▶ **Task directions**
No pictures belong in the copy. Set down exactly the lines from the one that contains "1pc Christmas Santa, Christmas" through the end of the data.

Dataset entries
▼

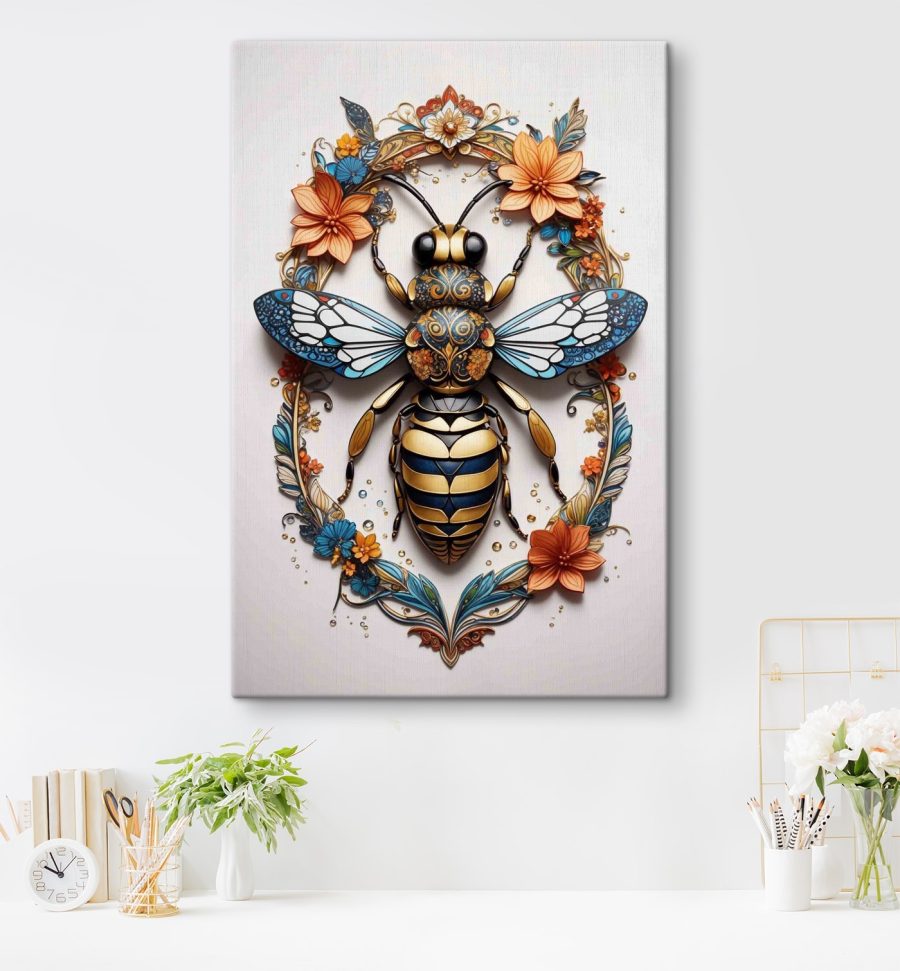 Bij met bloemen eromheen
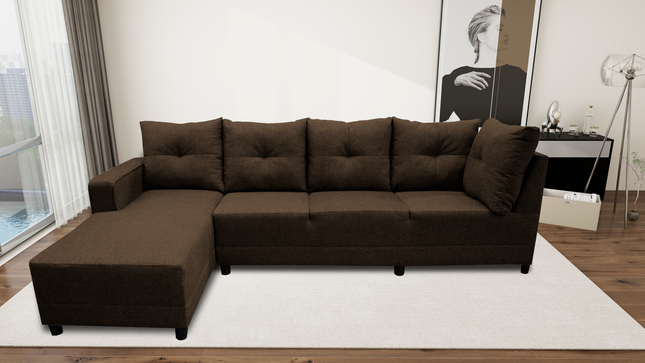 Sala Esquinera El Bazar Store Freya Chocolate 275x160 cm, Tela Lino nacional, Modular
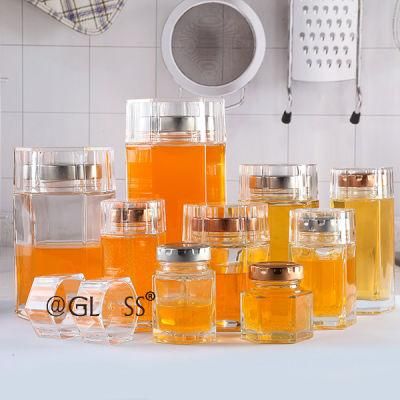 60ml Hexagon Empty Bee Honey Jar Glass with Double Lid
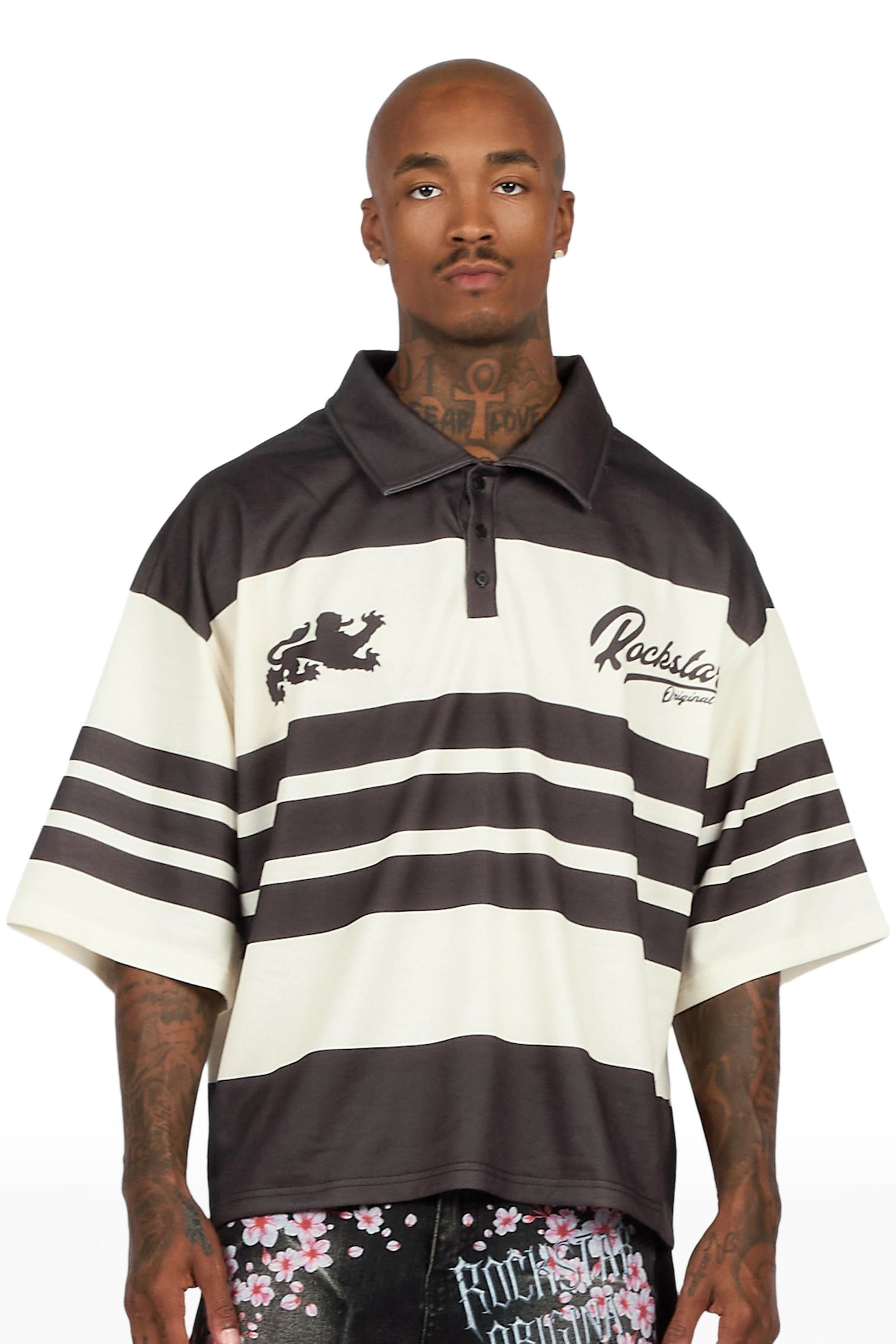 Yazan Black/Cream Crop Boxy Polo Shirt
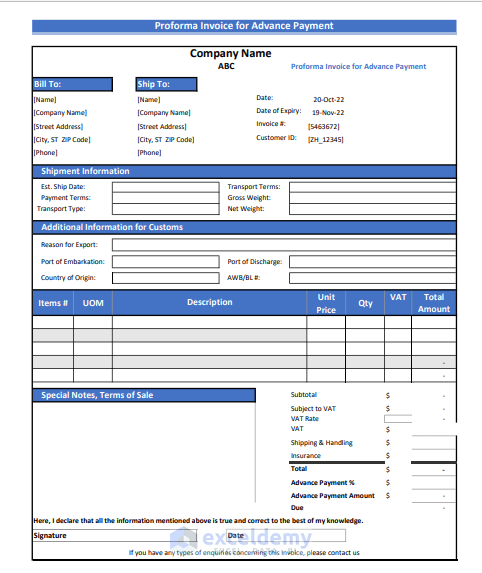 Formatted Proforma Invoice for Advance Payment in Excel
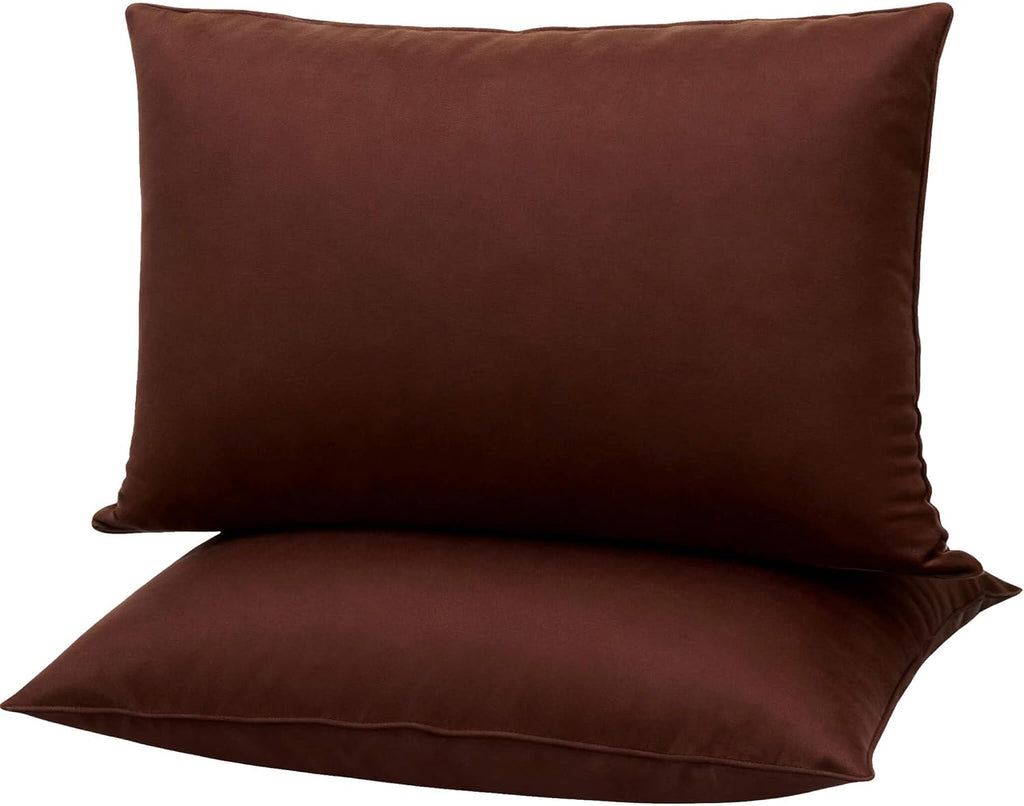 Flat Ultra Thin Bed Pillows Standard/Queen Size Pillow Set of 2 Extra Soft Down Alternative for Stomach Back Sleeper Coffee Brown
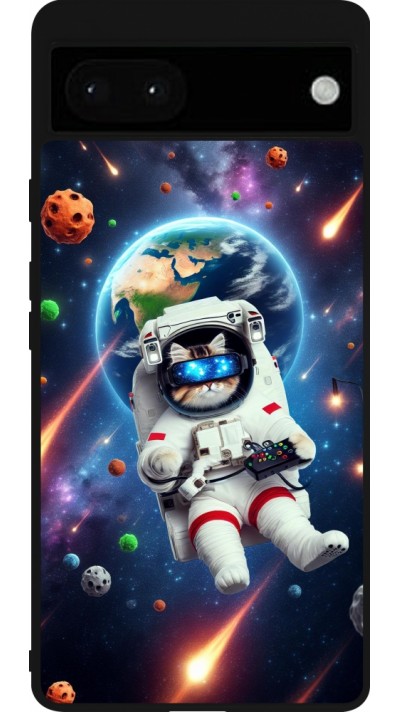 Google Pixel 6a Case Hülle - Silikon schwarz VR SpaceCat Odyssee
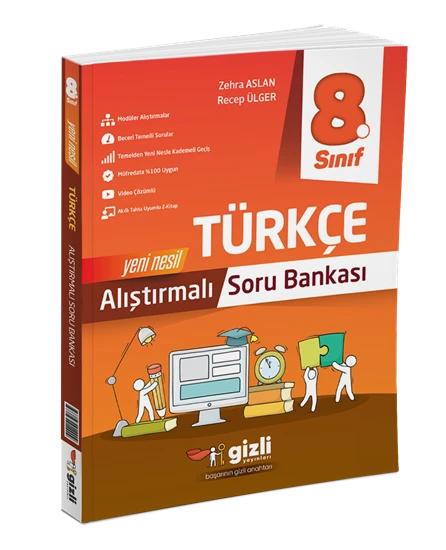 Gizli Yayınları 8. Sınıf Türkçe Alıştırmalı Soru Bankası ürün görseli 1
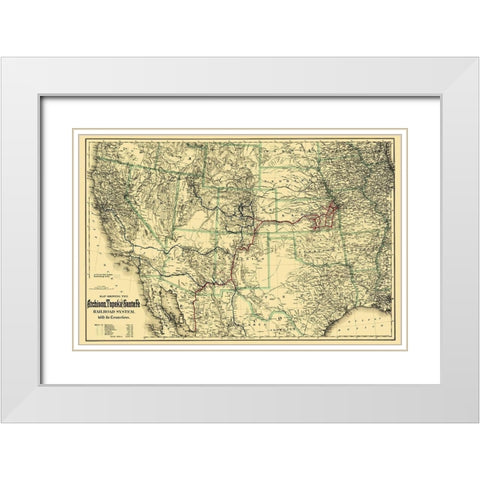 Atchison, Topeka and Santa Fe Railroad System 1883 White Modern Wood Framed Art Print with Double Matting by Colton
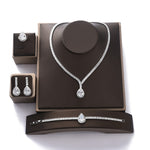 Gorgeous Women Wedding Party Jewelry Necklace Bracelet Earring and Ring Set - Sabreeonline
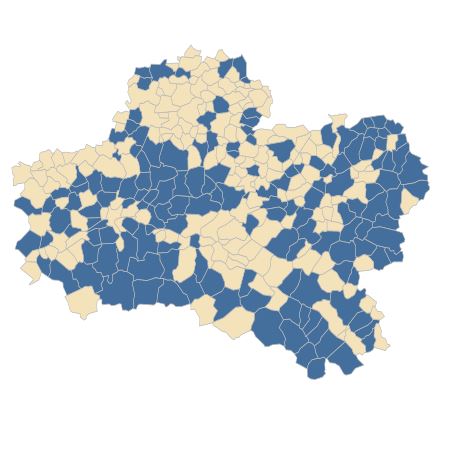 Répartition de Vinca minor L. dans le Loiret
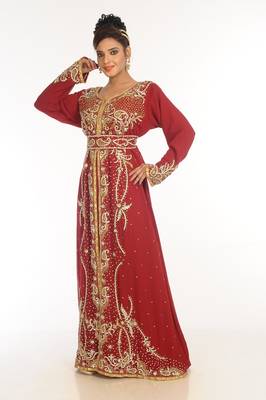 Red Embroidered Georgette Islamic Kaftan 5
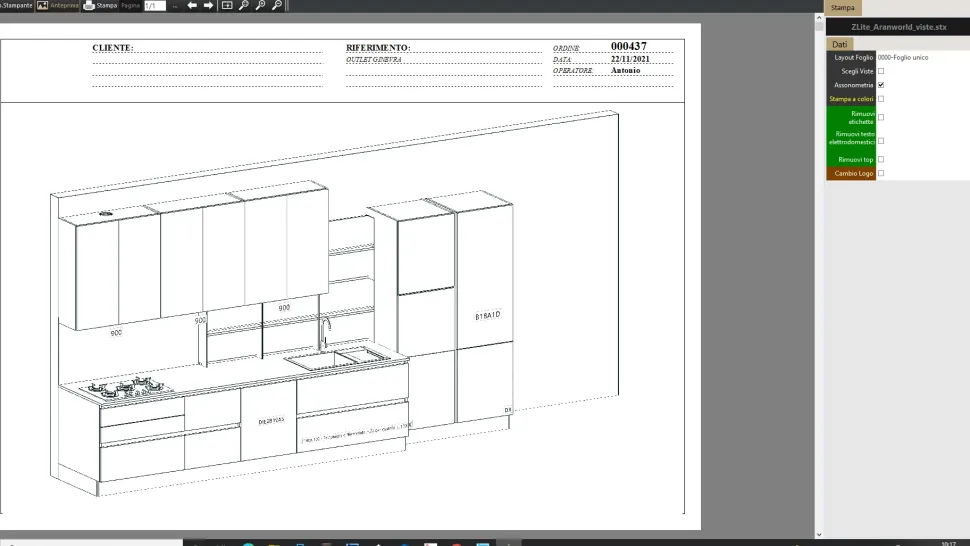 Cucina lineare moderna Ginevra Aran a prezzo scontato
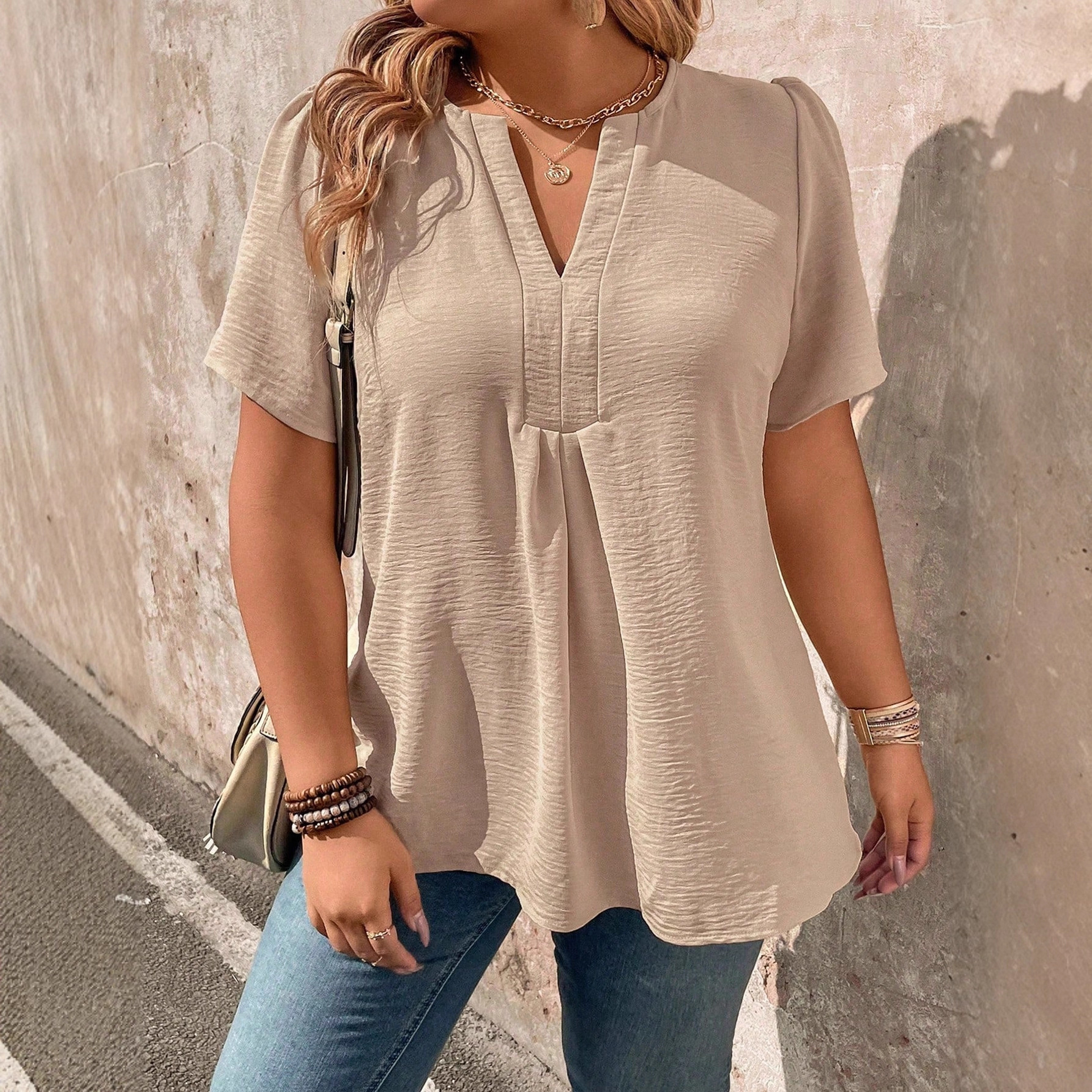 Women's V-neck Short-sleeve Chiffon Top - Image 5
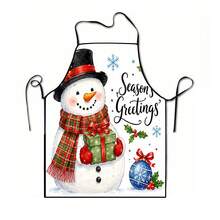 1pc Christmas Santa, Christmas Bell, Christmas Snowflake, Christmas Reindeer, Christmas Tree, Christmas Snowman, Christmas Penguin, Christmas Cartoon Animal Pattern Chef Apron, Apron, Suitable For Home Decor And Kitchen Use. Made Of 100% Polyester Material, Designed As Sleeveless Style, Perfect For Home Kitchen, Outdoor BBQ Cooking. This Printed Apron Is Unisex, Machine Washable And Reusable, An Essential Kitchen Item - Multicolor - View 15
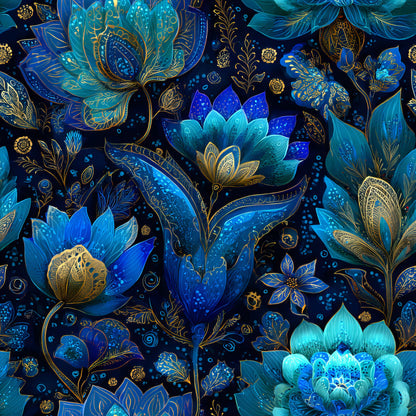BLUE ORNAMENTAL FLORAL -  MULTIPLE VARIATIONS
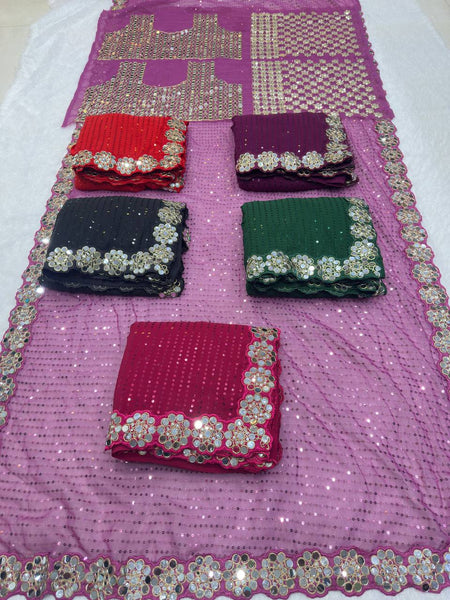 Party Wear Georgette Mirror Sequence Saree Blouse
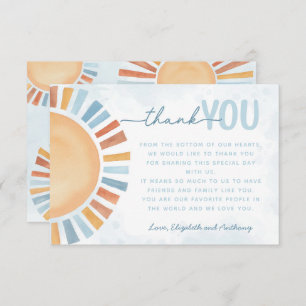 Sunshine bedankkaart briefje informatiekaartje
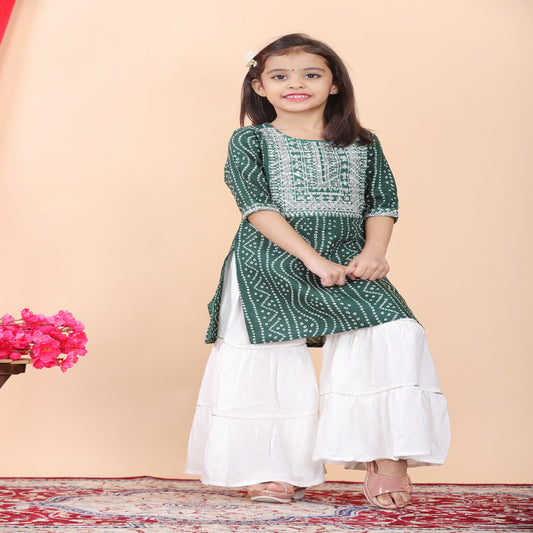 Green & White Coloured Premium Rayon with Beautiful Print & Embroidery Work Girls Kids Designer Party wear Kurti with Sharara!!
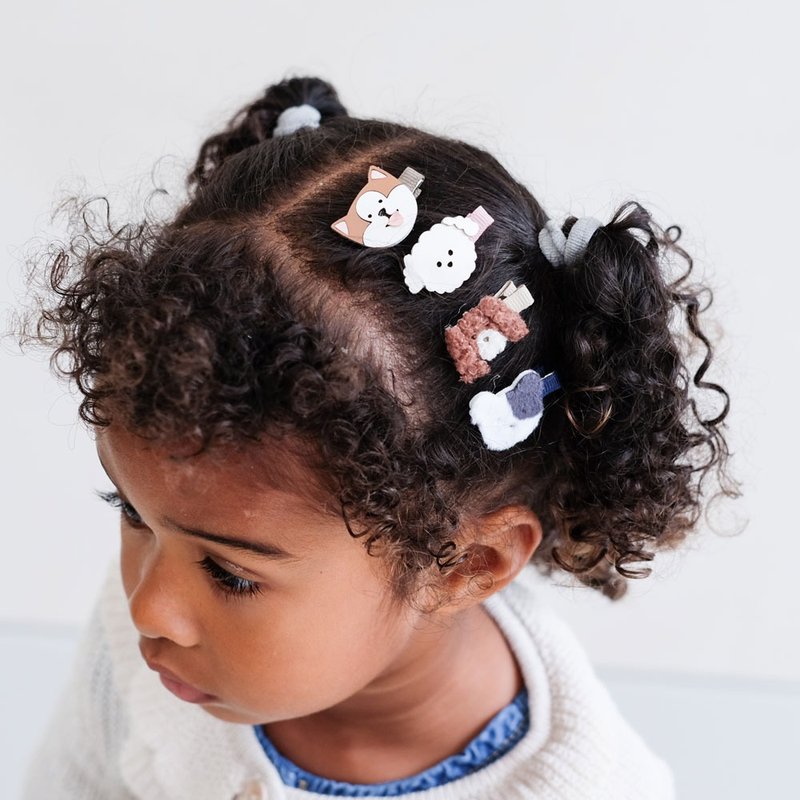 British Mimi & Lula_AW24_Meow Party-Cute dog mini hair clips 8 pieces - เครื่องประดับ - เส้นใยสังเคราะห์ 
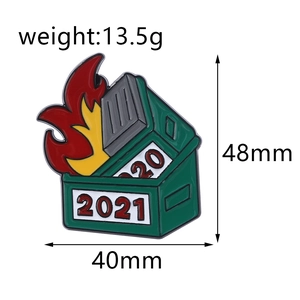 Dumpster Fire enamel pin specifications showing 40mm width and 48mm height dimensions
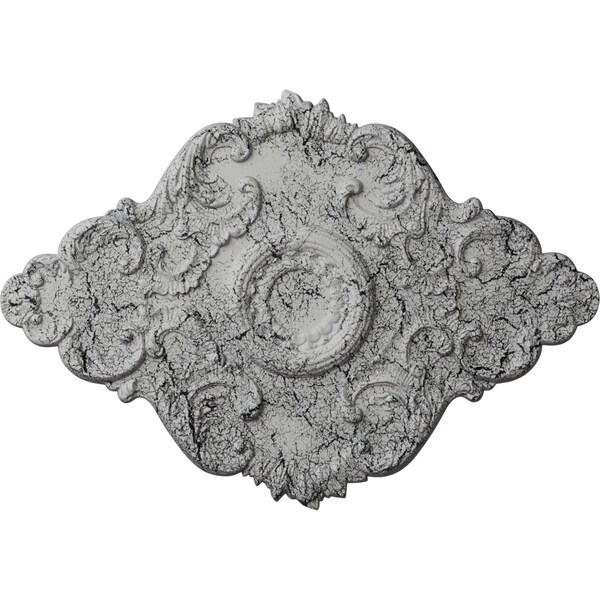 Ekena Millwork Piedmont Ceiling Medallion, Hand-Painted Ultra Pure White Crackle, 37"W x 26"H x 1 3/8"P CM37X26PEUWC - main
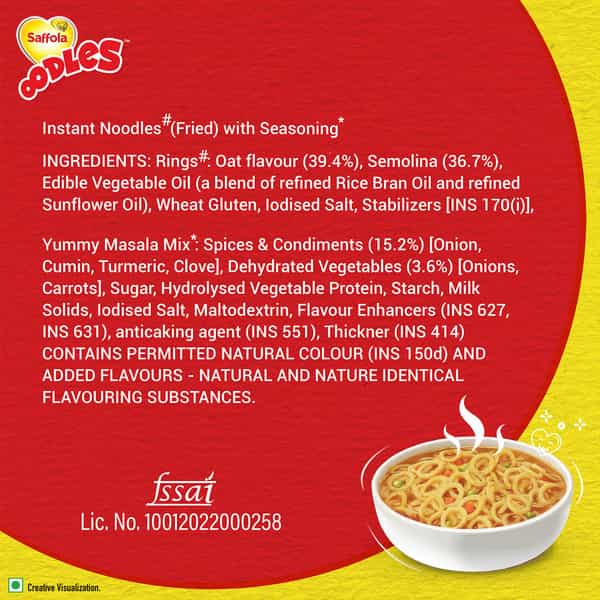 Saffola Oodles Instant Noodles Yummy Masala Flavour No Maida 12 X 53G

▲

▶ **Written reply**
 1pc Christmas Santa, Christmas Bell, Christmas Snowflake, Christmas Reindeer, Christmas Tree, Christmas Snowman, Christmas Penguin, Christmas Cartoon Animal Pattern Chef Apron, Apron, Suitable For Home Decor And Kitchen Use. Made Of 100% Polyester Material, Designed As Sleeveless Style, Perfect For Home Kitchen, Outdoor BBQ Cooking. This Printed Apron Is Unisex, Machine Washable And Reusable, An Essential Kitchen Item - Multicolor - View 15
BLUE ORNAMENTAL FLORAL -  MULTIPLE VARIATIONS
 Party Wear Georgette Mirror Sequence Saree Blouse
 Sunshine bedankkaart briefje informatiekaartje
 Green & White Coloured Premium Rayon with Beautiful Print & Embroidery Work Girls Kids Designer Party wear Kurti with Sharara!!
 British Mimi & Lula_AW24_Meow Party-Cute dog mini hair clips 8 pieces - เครื่องประดับ - เส้นใยสังเคราะห์ 
 Dumpster Fire enamel pin specifications showing 40mm width and 48mm height dimensions
 Ekena Millwork Piedmont Ceiling Medallion, Hand-Painted Ultra Pure White Crackle, 37"W x 26"H x 1 3/8"P CM37X26PEUWC - main
 Saffola Oodles Instant Noodles Yummy Masala Flavour No Maida 12 X 53G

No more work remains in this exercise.